By Helena Soderpalm
STOCKHOLM (Reuters) -Volvo Cars on Friday posted earnings below expectations pressured by global supply shortages despite strong demand for its vehicles.
Profits at the carmaker, which listed on Nasdaq Stockholm in October, were also dented by raw material costs and accounting changes at electric vehicle (EV) venture Polestar, in which it owns a 49% stake.
The Gothenburg-based company and global peers have been forced to cut vehicle output, despite robust demand in key markets such as China and the United States, due to a global semiconductor chip shortage.
Volvo said the supply chain would remain a restraining factor, while the component shortage would only gradually improve.

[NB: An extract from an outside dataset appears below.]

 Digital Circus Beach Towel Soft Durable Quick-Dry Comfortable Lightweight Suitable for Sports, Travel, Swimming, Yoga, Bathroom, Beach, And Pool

“It will definitely continue in the first half of the year. I think it’s too early to say we will see a normalisation in the second half too,” long-time CEO Hakan Samuelsson, who is due to step down in March, told Reuters.
While some automakers have said chip shortages could ease in the second half of 2022, some chipmakers have warned that a recovery could take longer.

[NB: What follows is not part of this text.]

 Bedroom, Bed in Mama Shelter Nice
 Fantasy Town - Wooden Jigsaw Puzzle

Volvo’s fourth-quarter operating profit fell to 3.7 billion Swedish crowns ($396.4 million) from 4.9 billion a year earlier and missed the 4.8 billion expected by analysts in a Refinitiv poll.
Quarterly revenue fell 6% to 80.1 billion crowns but topped the 75.2 billion expected by analysts. Volvo said it expected continued sales growth in 2022.

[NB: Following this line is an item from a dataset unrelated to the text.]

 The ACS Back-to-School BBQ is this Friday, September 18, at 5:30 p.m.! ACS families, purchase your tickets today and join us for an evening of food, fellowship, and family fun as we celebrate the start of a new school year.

Volvo shares, down by 5% so far this year but up 39% from their IPO price through Thursday, fell 4.8% by 0940 GMT.
JP Morgan said it expected earnings downgrades “driven by the discussion on expenses incurred at Polestar”.
Volvo aims for 50% of its sales to be pure electric cars by the middle of this decade. In January, the proportion was 6.6%.
The company’s full-year operating margin rose to 7.2% from 3.2% in 2020 and 5.2% in 2019 before the pandemic struck.
Volvo, majority owned by China’s Geely Holding, proposed to pay no dividend.